最近は国産車に近づきつつあるようだが、かつて外車は販売先を富裕層に絞っていた。その理由は、販売台数を増やさず収益を上げるためだった。販売台数が少なければ、販売にかかわる人員もメインテナンスサービスにかかわる人員も少なくて済む。その代わり、本国の標準にはない豪華装備を多数取り付けた豪華仕様にして売価をふくらませることで単価を引き上げ、利幅を大きくしていた。
携帯端末の販売戦略もこれとよく似ている。販売価格の低下を防ぐため、多数の機能を盛り込むことで高価格化をはかっているからだ。他社にない機能、新機能を売り物に購入者の優越感をくすぐり、高価格でも売れるようにしようと狙っているからだ。これは、豪華装備の高価格で購入者の優越感をくすぐることで売ろうとした、かつての高級外車の販売戦略に一致する。
しかし決定的に異なる点もある。それは新型開発競争だ。携帯端末機器の基本構成部品はほとんどが同じであるため、新機能はソフトウエアに依存する部分が多い。
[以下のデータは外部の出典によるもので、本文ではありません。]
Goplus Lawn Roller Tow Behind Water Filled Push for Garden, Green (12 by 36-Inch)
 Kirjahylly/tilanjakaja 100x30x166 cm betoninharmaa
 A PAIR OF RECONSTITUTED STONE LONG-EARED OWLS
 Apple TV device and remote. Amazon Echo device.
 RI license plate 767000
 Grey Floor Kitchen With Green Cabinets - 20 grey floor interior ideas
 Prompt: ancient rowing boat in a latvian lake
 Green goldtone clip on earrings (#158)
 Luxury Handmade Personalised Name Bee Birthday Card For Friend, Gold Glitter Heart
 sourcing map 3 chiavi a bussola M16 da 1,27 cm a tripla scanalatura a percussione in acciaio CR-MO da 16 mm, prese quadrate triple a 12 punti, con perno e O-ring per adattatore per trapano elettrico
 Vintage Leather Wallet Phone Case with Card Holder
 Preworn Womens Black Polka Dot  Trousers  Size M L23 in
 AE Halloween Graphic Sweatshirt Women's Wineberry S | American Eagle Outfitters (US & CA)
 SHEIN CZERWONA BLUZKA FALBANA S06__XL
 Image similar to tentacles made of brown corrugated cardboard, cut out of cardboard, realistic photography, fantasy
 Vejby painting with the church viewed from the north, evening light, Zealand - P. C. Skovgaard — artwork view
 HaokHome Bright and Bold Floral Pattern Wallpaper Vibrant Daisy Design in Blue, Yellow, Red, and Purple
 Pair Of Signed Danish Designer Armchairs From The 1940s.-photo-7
このため他社に先駆けたつもりの新機能もたちまち追いつかれてしまう。そうなれば差別化ができないので、各社は新機能の追加に血道を上げることになる。これが開発コスト、さらには製造コスト(当然開発コストが乗せられるからだ)を引き上げて収益性を悪くする。
販売会社は価格上昇分をメーカーに押しつけることで負担を軽減できるので、この販売戦力に安住している様に見えるが、製造会社は収益性がどんどん低下して行く。一体どこまでこれを続けられるのかと疑問を感じる昨今だ。